Every major breach report tells the same story. Attackers do not break through firewalls. They log in. They use stolen credentials, exploit overly broad service accounts, or escalate from a compromised standard user to domain admin through privilege pathways that nobody has reviewed in years.
We see this consistently in our assessment work. Organisations invest in network security, endpoint detection, and SIEM platforms, but leave identity controls as an afterthought. The result is environments where dozens of accounts have standing admin access, service accounts run with domain-level privileges and never rotate credentials, and nobody can say with confidence who accessed what last Tuesday.
Standing privileged access - admin accounts that are always active, always powerful, and always available - is the single biggest enabler of lateral movement in a breach.
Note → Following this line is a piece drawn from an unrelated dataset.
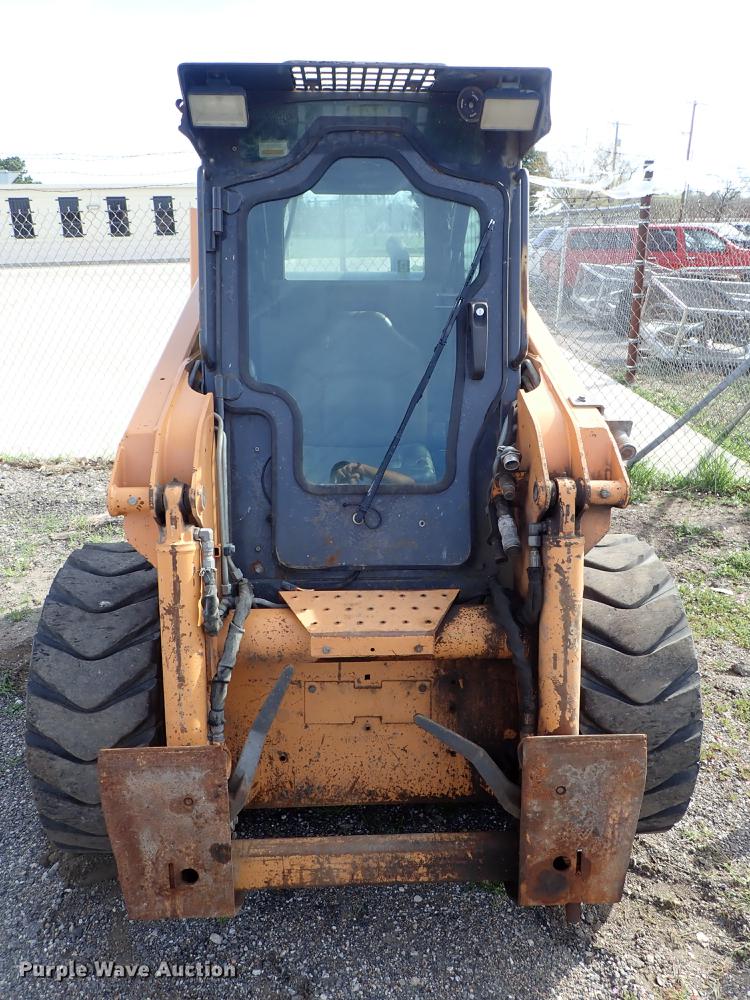 image for item DF1057 2007 Case 440 skid steer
An attacker who compromises one privileged account can often reach everything: Active Directory, cloud management consoles, backup infrastructure, and business-critical applications.
The fix is conceptually simple but operationally demanding: eliminate standing privileges. Move to just-in-time access where elevated permissions are granted for a specific task, for a limited time, and revoked automatically. Every privileged session should be monitored, logged, and subject to behavioural analysis.
We have delivered this for clients in financial services and asset management. It requires careful planning - you cannot simply remove admin access overnight without understanding what breaks. But the security improvement is dramatic. One client moved from over 200 standing privileged accounts to zero, with all elevated access now granted on demand and automatically revoked.
Most identity programmes focus on human users. That is necessary but incomplete. In a modern environment, the majority of identities are not human. They are service accounts, API keys, automation credentials, cloud workload identities, and increasingly, AI agents that interact with systems on behalf of users.
These machine identities are often created during deployment, given broad permissions to "make things work," and then forgotten. They do not have MFA. They do not have password rotation. They do not appear in most identity governance reviews. And they are increasingly targeted by attackers who know that a compromised service account is less likely to trigger an alert than a compromised user account.
Extending identity governance to cover machine identities is not optional any more. It needs the same lifecycle management, the same access reviews, and the same monitoring that human accounts receive.
If you are not sure where your identity risk sits, start with three things. First, inventory every account with admin or elevated access - including service accounts - and ask whether each one genuinely needs those permissions today. Second, check whether you can detect and alert on unusual privileged activity in real time. Third, look at how credentials are managed for service accounts and automation - if the answer is "they were set up two years ago and nobody has touched them since," that is your biggest risk.
Identity is not a glamorous topic. It does not get the conference keynotes that AI and zero-day vulnerabilities get. But it is where most serious breaches start, and it is where the highest-impact improvements can be made.